Look below for the line containing "LEE T SHIRT"; from there, print each line exactly up to and including the line containing "Ücretli Öğretmenler ülkenin", and stop.

### Information provided
---+---

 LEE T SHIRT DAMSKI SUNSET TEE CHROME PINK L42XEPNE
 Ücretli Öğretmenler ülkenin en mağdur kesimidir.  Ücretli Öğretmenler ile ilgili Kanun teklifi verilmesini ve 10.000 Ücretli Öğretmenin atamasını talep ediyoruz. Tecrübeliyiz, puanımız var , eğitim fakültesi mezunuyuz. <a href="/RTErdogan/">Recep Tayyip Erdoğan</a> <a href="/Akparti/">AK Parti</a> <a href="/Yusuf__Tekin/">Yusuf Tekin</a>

---+---

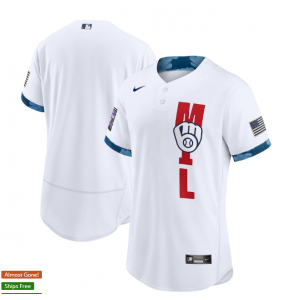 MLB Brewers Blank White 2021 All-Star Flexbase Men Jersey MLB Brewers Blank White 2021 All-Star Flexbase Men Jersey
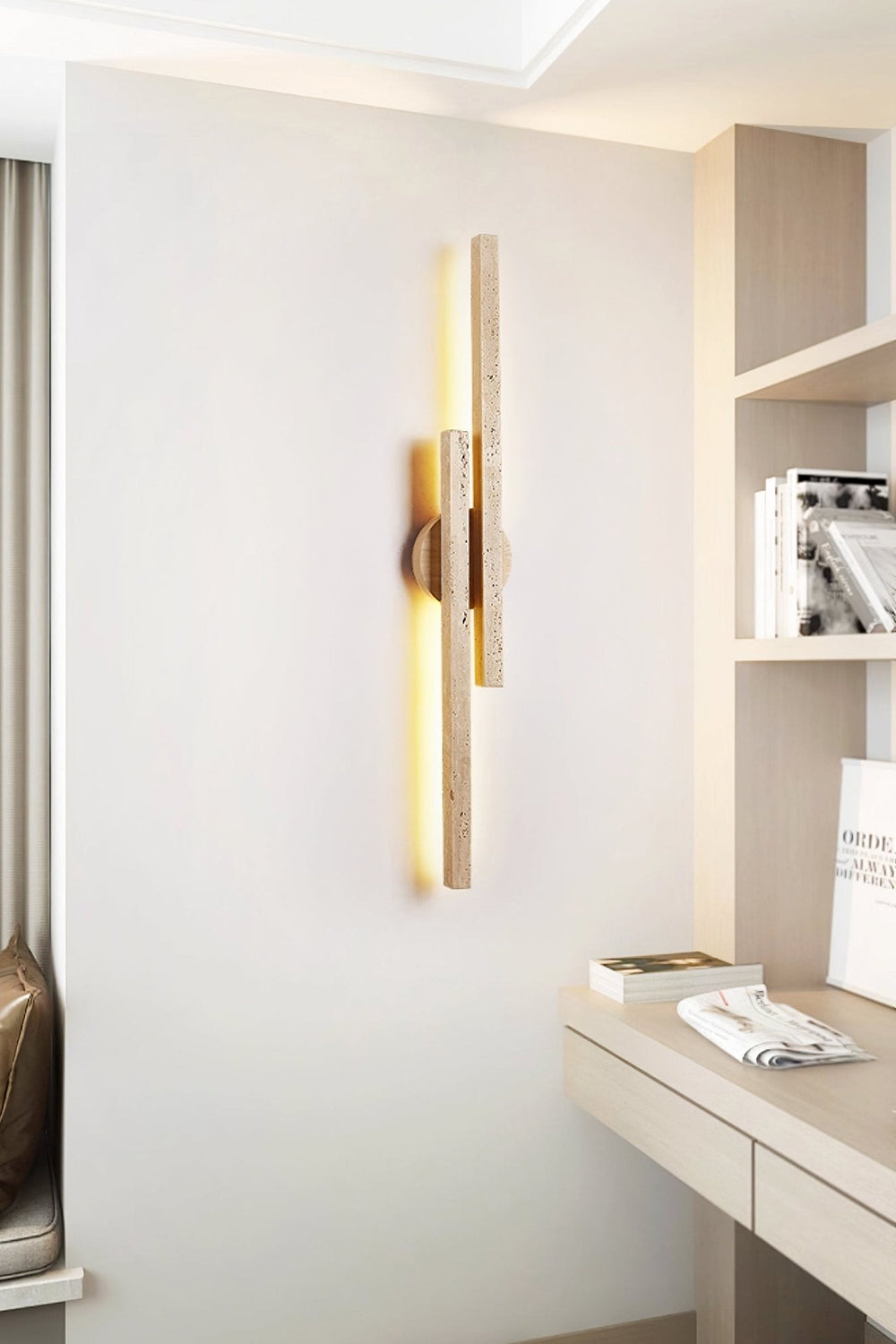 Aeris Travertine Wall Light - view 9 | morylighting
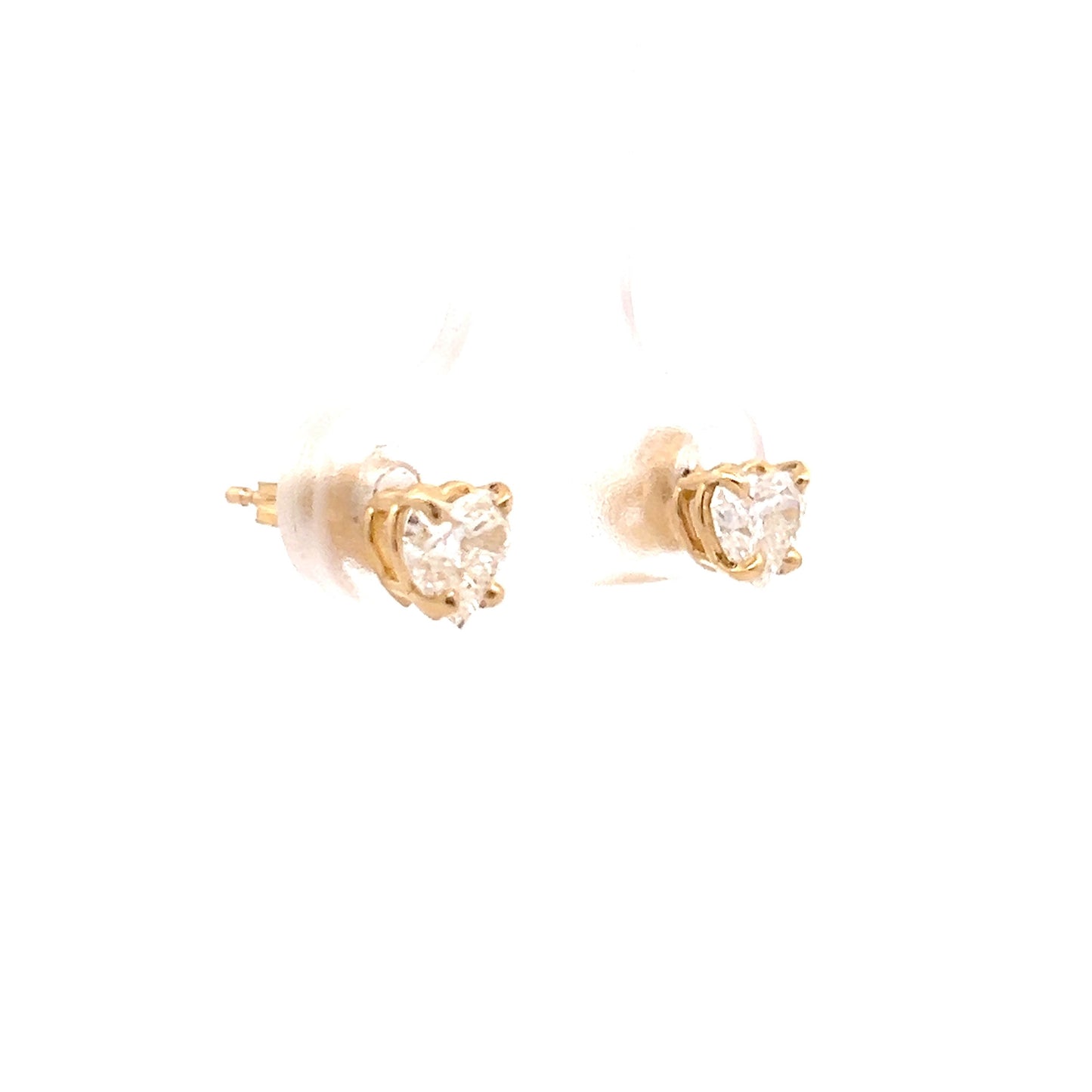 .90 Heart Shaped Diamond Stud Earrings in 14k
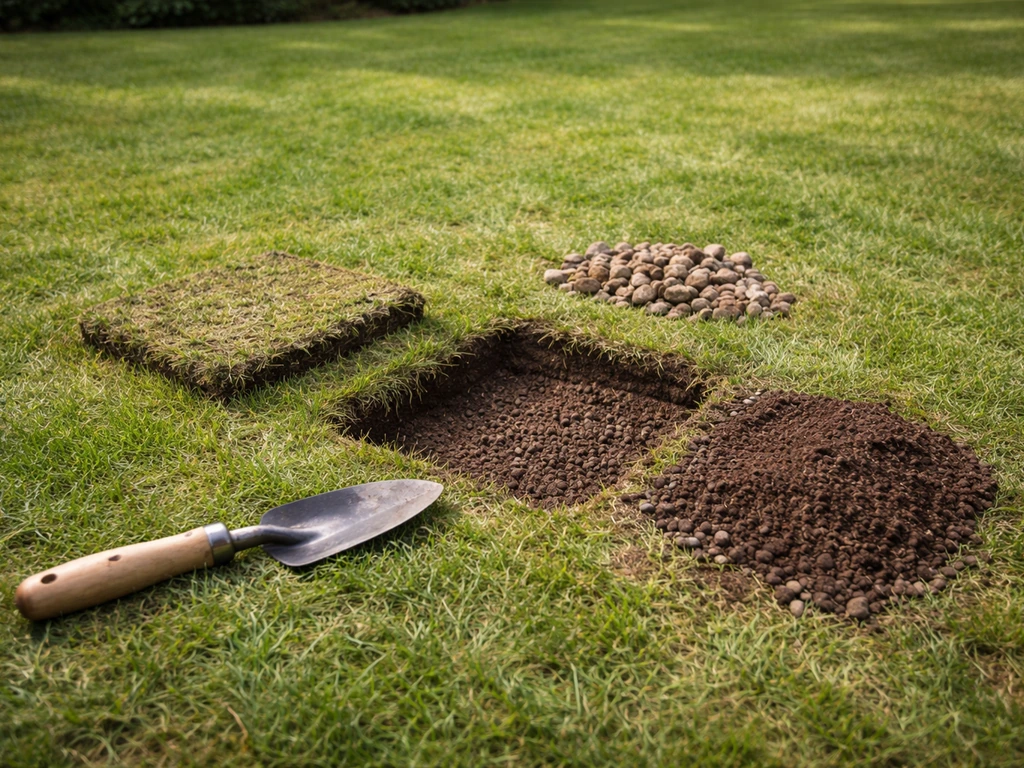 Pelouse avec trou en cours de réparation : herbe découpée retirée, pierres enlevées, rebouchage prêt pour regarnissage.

---+---

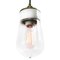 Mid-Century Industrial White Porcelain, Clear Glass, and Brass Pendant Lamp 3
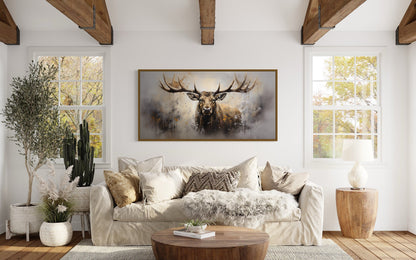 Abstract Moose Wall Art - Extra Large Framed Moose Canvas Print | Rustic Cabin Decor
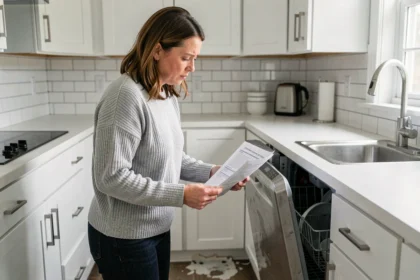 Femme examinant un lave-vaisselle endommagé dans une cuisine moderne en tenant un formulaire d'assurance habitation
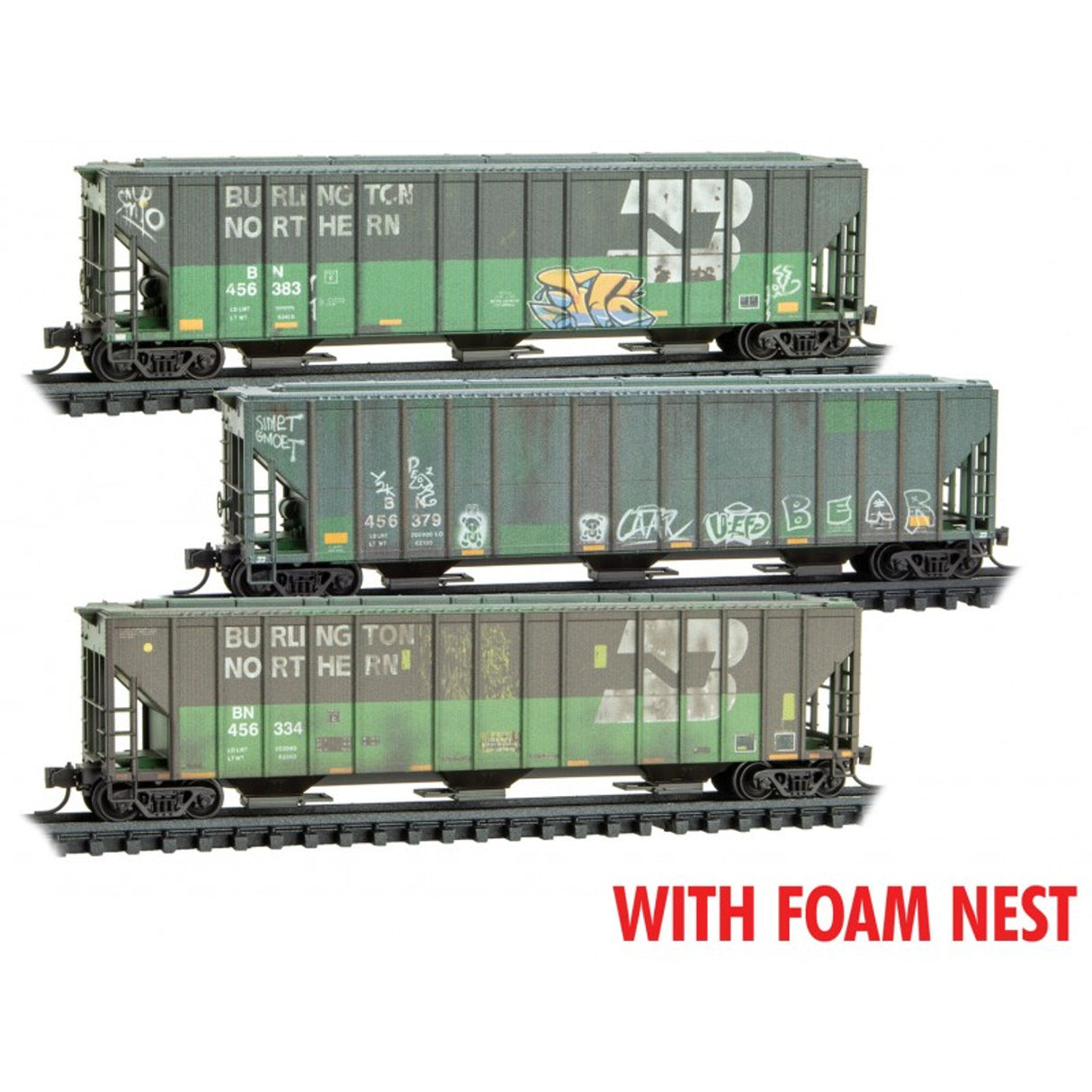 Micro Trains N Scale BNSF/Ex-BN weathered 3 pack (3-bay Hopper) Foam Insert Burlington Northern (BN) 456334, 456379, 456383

---+---

### Answer
 LEE T SHIRT DAMSKI SUNSET TEE CHROME PINK L42XEPNE
 Ücretli Öğretmenler ülkenin en mağdur kesimidir.  Ücretli Öğretmenler ile ilgili Kanun teklifi verilmesini ve 10.000 Ücretli Öğretmenin atamasını talep ediyoruz. Tecrübeliyiz, puanımız var , eğitim fakültesi mezunuyuz. <a href="/RTErdogan/">Recep Tayyip Erdoğan</a> <a href="/Akparti/">AK Parti</a> <a href="/Yusuf__Tekin/">Yusuf Tekin</a>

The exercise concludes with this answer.